** Try it **
Leaving the pictures aside, repeat each line below exactly.

== Task inputs ==

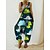 cheap Women&#039;s Jumpsuits-Women&#039;s Overall Button Pocket Animal Crew Neck Streetwear Daily Vacation Loose Fit Sleeveless Light Green Army Green Dusty Rose S M L Summer
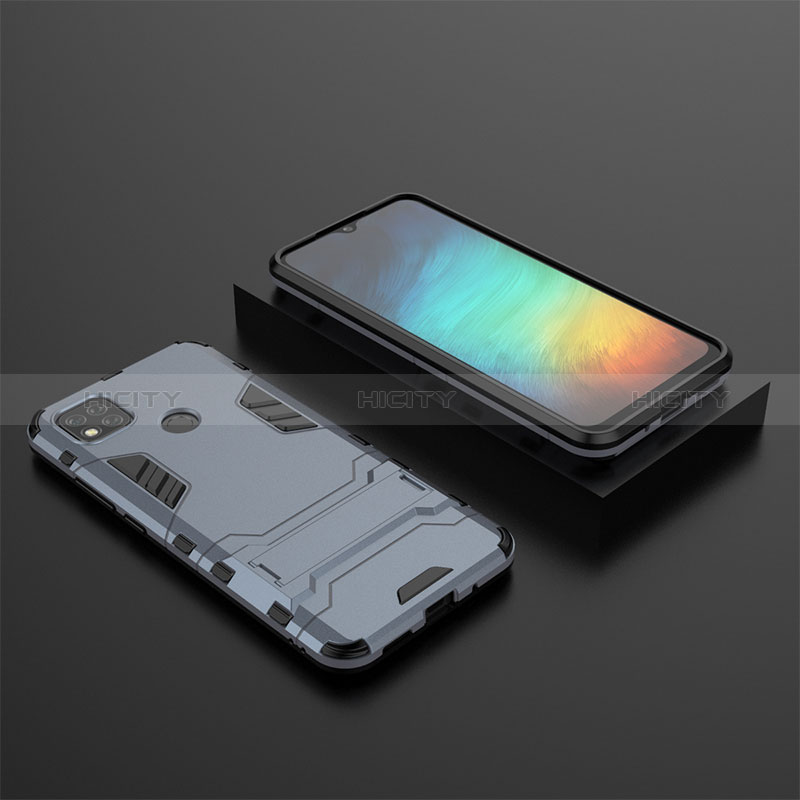 Coque Contour Silicone et Plastique Housse Etui Mat avec Support KC1 pour Xiaomi Redmi 9C Plus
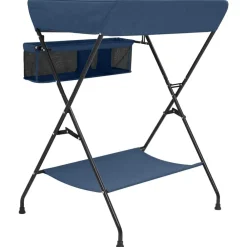 vidaXL Table à langer Fer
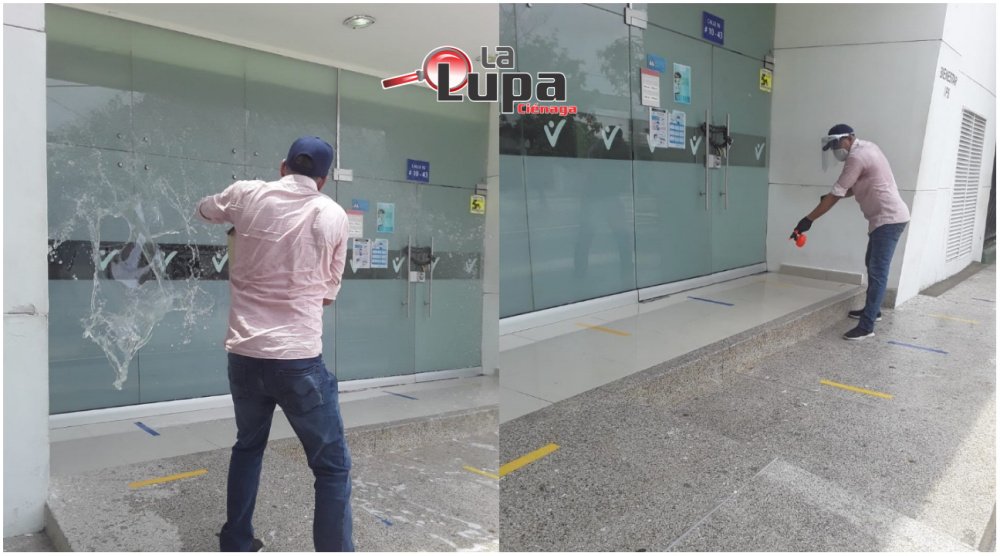 Ciudadano “tirado” en la entrada de la Nueva EPS, se levantó y se fue: autoridades no llegaron a verificar la situación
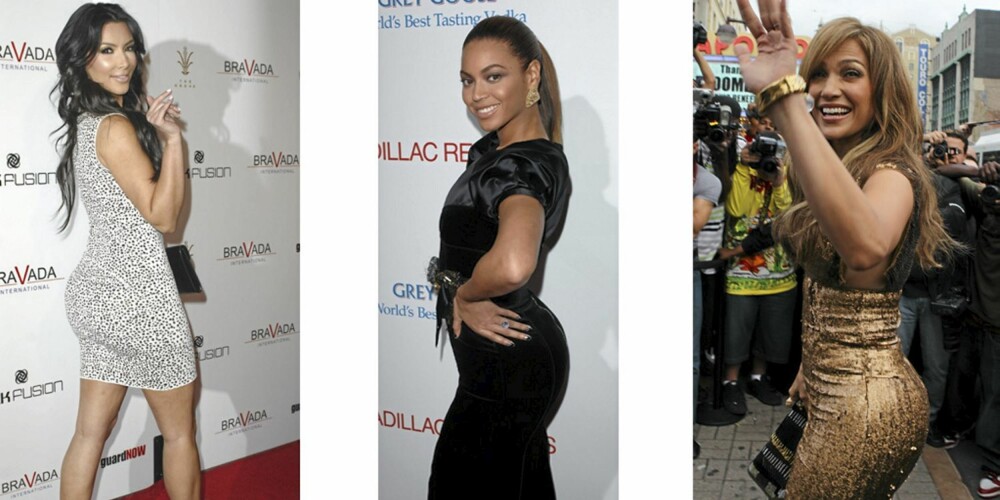 KVINNELIGE FORMER: Kjendiser som Kim Kardashian, Beyoncé og Jennifer Lopez er stolte av sine flotte former, og er gode forbilder for dagens unge. KVINNELIGE FORMER: Kjendiser som Kim Kardashian, Beyoncé og Jennifer Lopez er stolte av sine flotte former, og er gode forbilder for dagens unge.
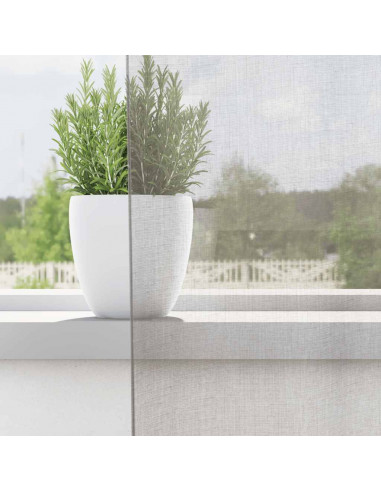 Tende in Voile con Occhielli 2 pz Grigio Chiaro 140x175 cm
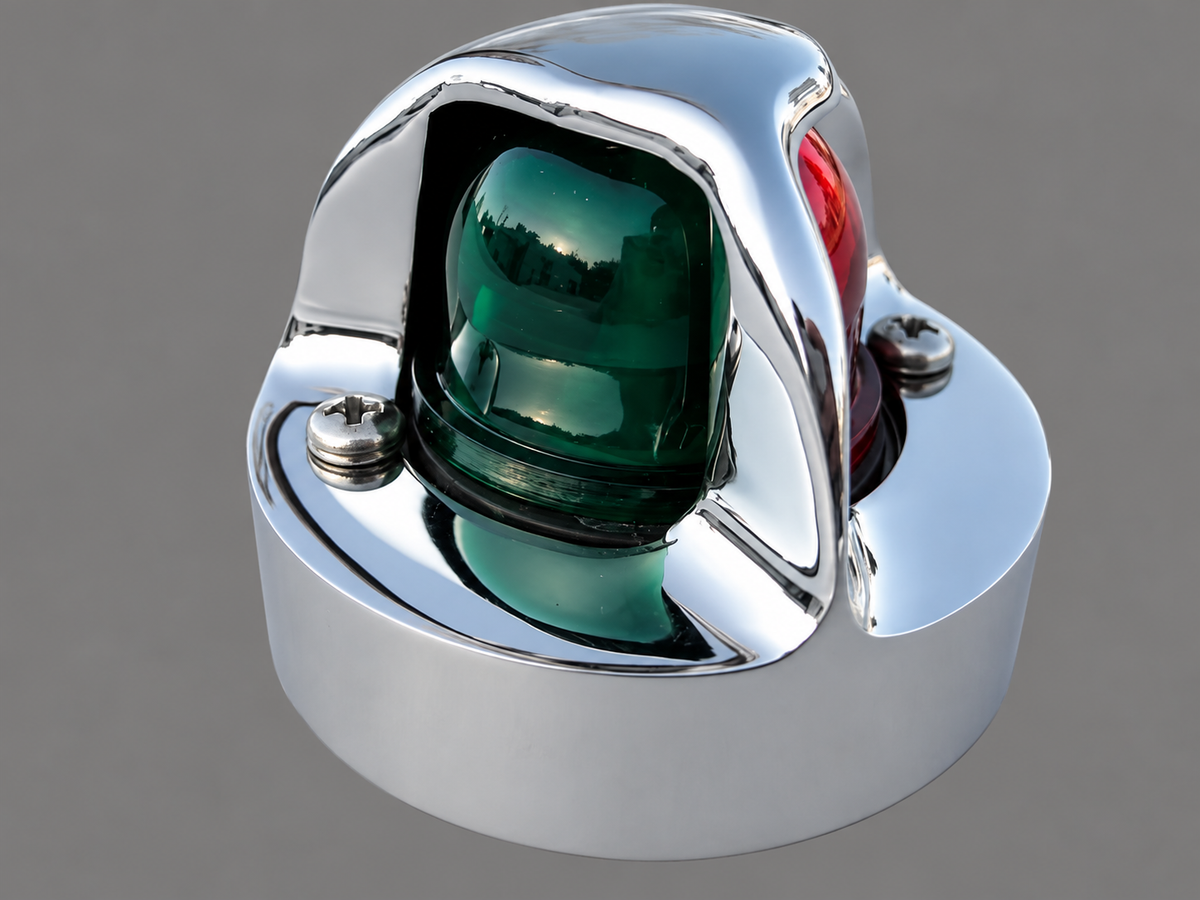 Boston Whaler Classic Bow Light (1958-1984), Navigation Light (Led) 316 Stainless; *Not Perko*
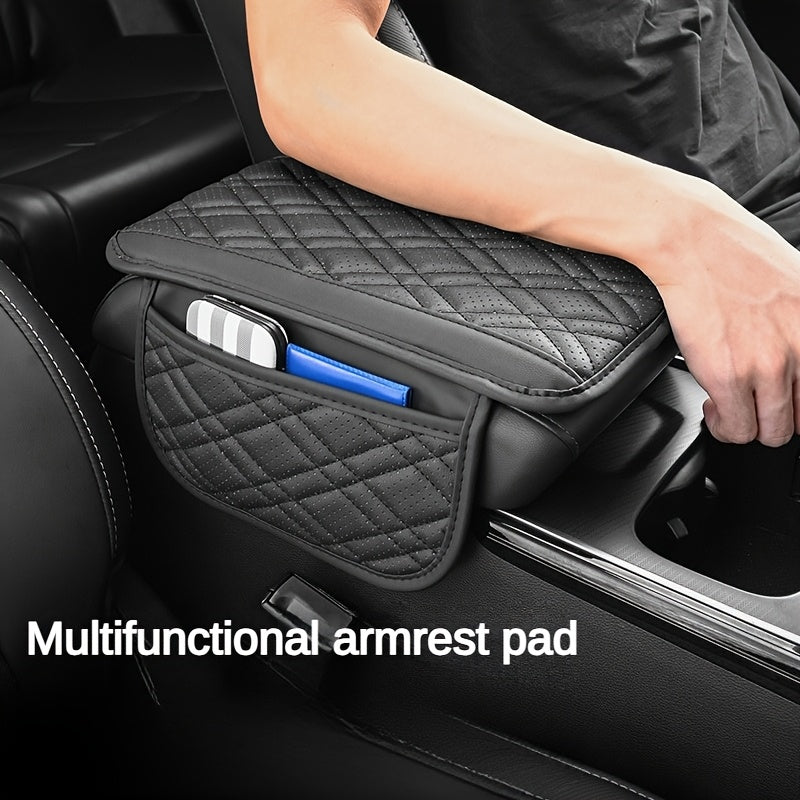 breathable pu leather car armrest cushion multifunctional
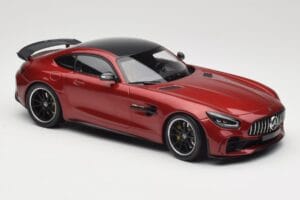 Mercedes AMG GT R C190 Jupiter Red Metallic Minichamps 1:18 155036027 Metal - imaginea 4 din 6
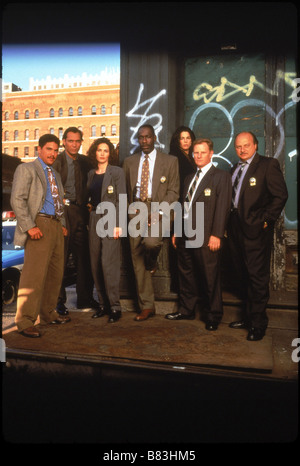 Polizia di New York blues NYPD blu (1993)TV-serie 1993-2005 USA Nicholas Turturro., Jimmy Smits, Kim Delaney, James McDaniel, Justine Miceli, Gordon Clapp, Dennis Franz Saison 3, stagione 3 Foto Stock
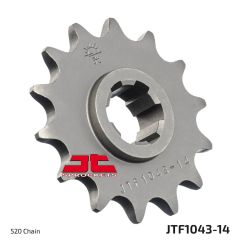 JTF1043.14 FRONT REPLACEMENT SPROCKET 14 TEETH 520 PITCH NATURAL STEEL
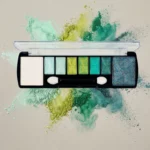 Lot de 12 (1,10€ La Palette) : Palettes Fards à Paupières 8 Couleurs "SPACE" – D'DONNA - Vert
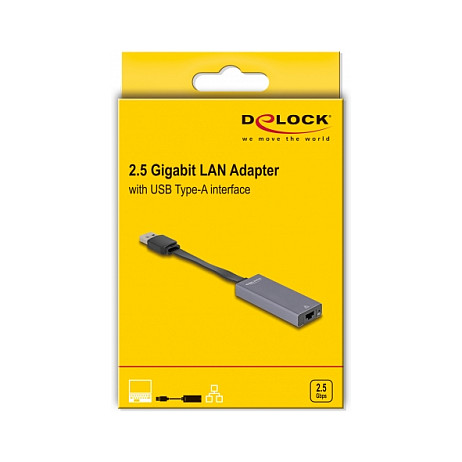 Mrežni adapter DELOCK USB-A 3.2 na 2.5 Gigabit LAN (RJ45, Realtek RTL8156)-1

===

** Solution to the problem **
 cheap Women&#039;s Jumpsuits-Women&#039;s Overall Button Pocket Animal Crew Neck Streetwear Daily Vacation Loose Fit Sleeveless Light Green Army Green Dusty Rose S M L Summer
 Coque Contour Silicone et Plastique Housse Etui Mat avec Support KC1 pour Xiaomi Redmi 9C Plus
 vidaXL Table à langer Fer
 Ciudadano “tirado” en la entrada de la Nueva EPS, se levantó y se fue: autoridades no llegaron a verificar la situación
 KVINNELIGE FORMER: Kjendiser som Kim Kardashian, Beyoncé og Jennifer Lopez er stolte av sine flotte former, og er gode forbilder for dagens unge. KVINNELIGE FORMER: Kjendiser som Kim Kardashian, Beyoncé og Jennifer Lopez er stolte av sine flotte former, og er gode forbilder for dagens unge.
 Tende in Voile con Occhielli 2 pz Grigio Chiaro 140x175 cm
 Boston Whaler Classic Bow Light (1958-1984), Navigation Light (Led) 316 Stainless; *Not Perko*
 breathable pu leather car armrest cushion multifunctional
 Mercedes AMG GT R C190 Jupiter Red Metallic Minichamps 1:18 155036027 Metal - imaginea 4 din 6
 Polizia di New York blues NYPD blu (1993)TV-serie 1993-2005 USA Nicholas Turturro., Jimmy Smits, Kim Delaney, James McDaniel, Justine Miceli, Gordon Clapp, Dennis Franz Saison 3, stagione 3 Foto Stock
 JTF1043.14 FRONT REPLACEMENT SPROCKET 14 TEETH 520 PITCH NATURAL STEEL
 Lot de 12 (1,10€ La Palette) : Palettes Fards à Paupières 8 Couleurs "SPACE" – D'DONNA - Vert
 Mrežni adapter DELOCK USB-A 3.2 na 2.5 Gigabit LAN (RJ45, Realtek RTL8156)-1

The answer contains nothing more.